§ Task to complete
Please output the lines from the one with "Blackcurrant" through the end of the data exactly as written, omitting all pictures.

(Data listing)

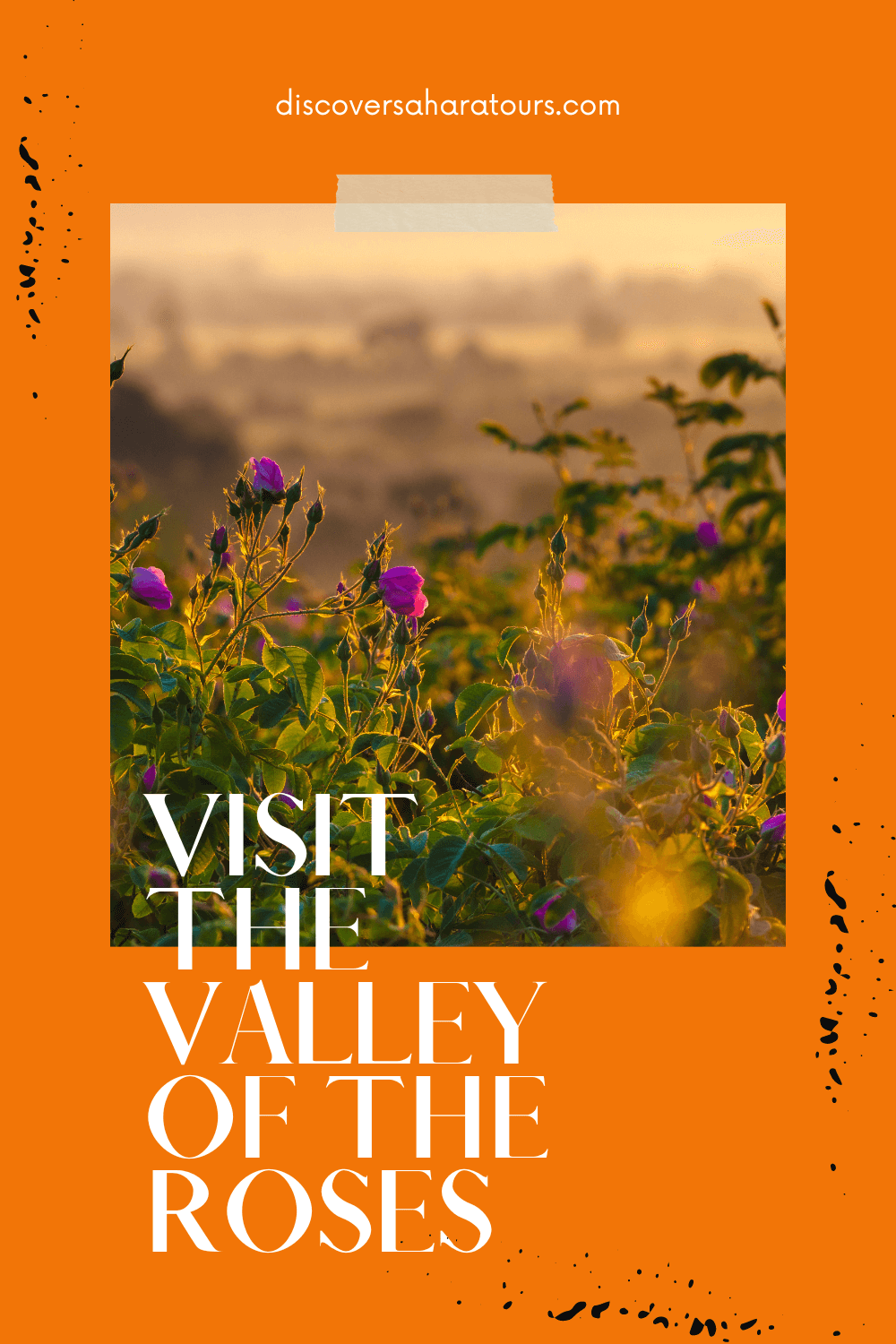 Visit the Valley of the Roses in Morocco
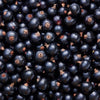 Blackcurrant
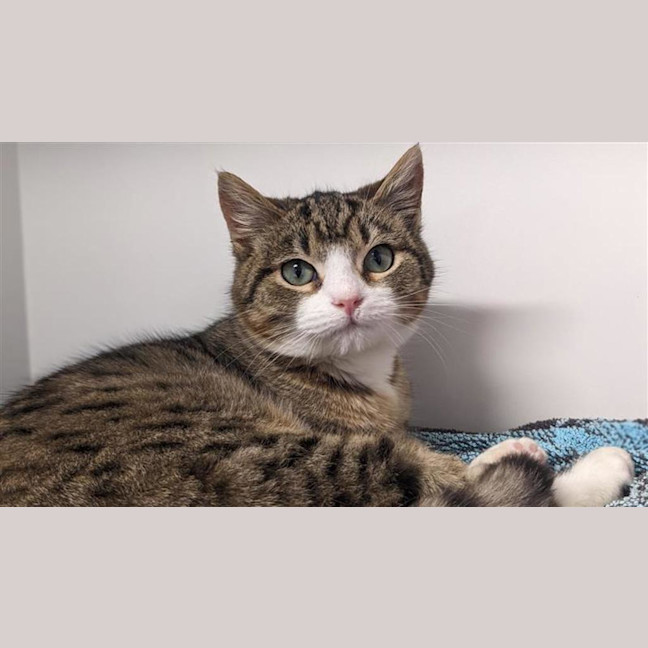 Photo of Buddy
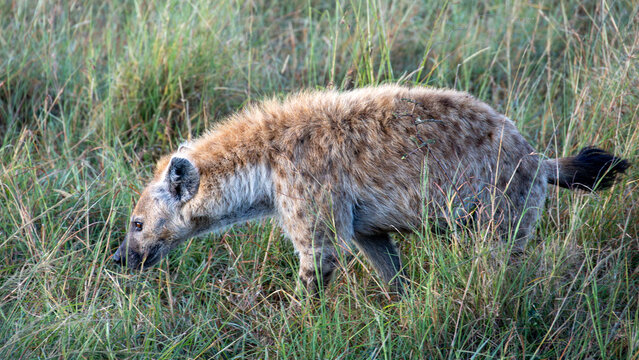 Gefleckte Hy&auml;ne im hohen Gras bei der Nahrungssuche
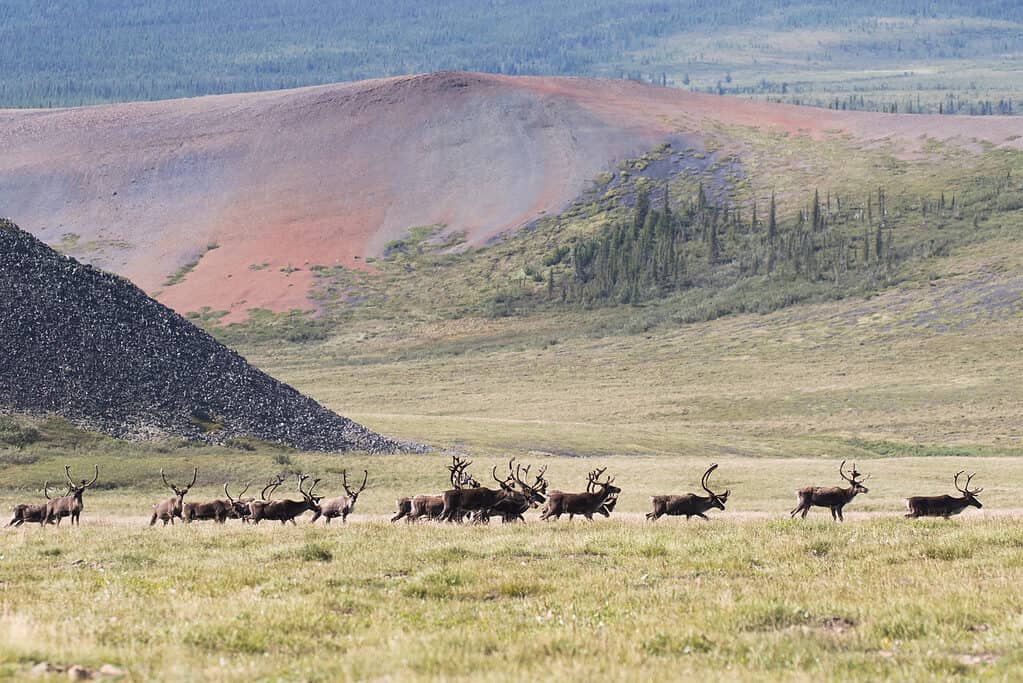 The Porcupine Caribou Herd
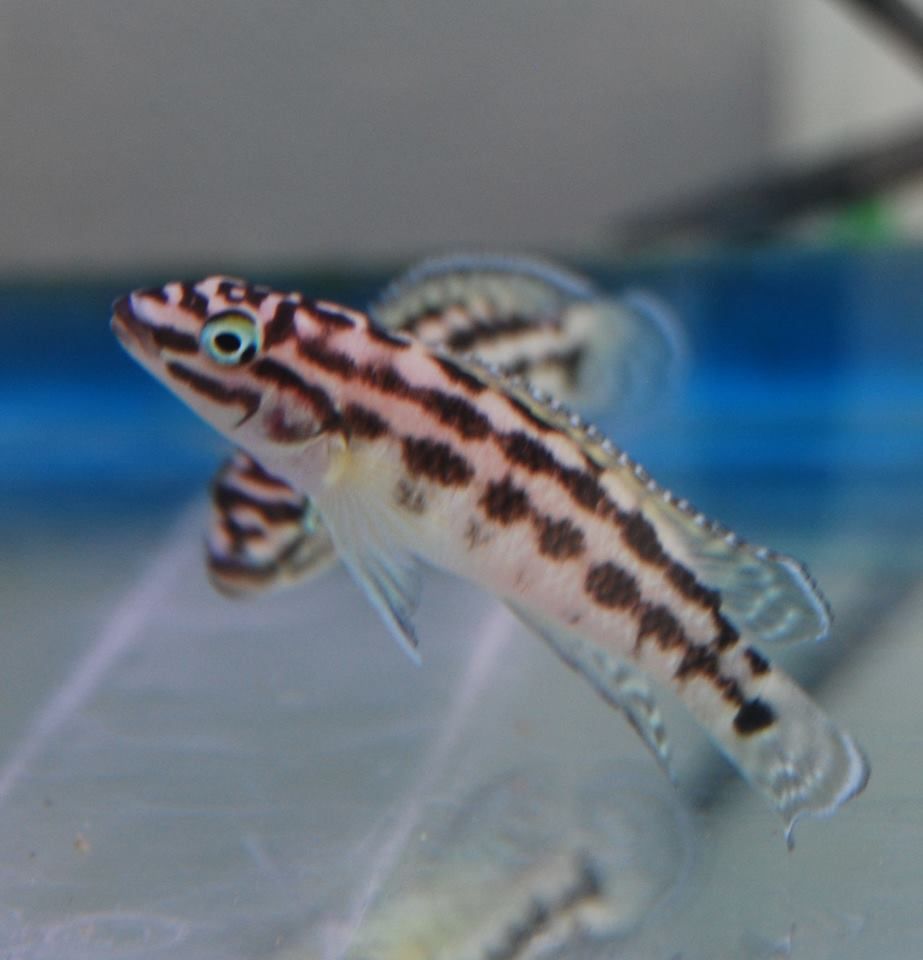 littlefish_zpsf747f6d8.jpg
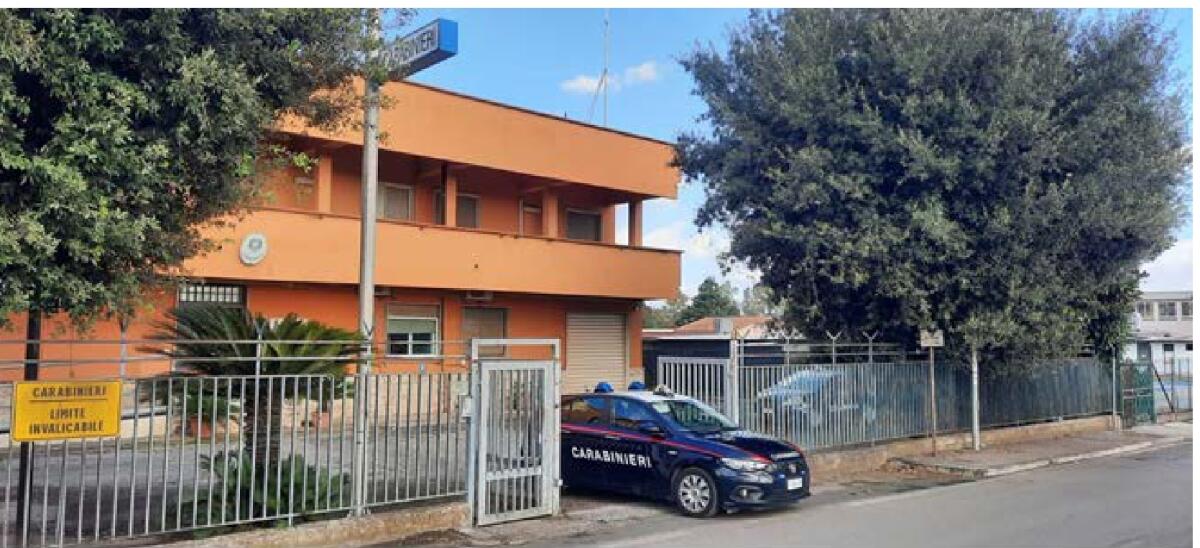 Combattimenti clandestini tra pittbull e maltrattamento di animali a Campoverde: i Carabinieri denunciano due persone. -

(End Data listing)

§ Response
 Blackcurrant
 Photo of Buddy
 Gefleckte Hy&auml;ne im hohen Gras bei der Nahrungssuche
 The Porcupine Caribou Herd
 littlefish_zpsf747f6d8.jpg
 Combattimenti clandestini tra pittbull e maltrattamento di animali a Campoverde: i Carabinieri denunciano due persone. -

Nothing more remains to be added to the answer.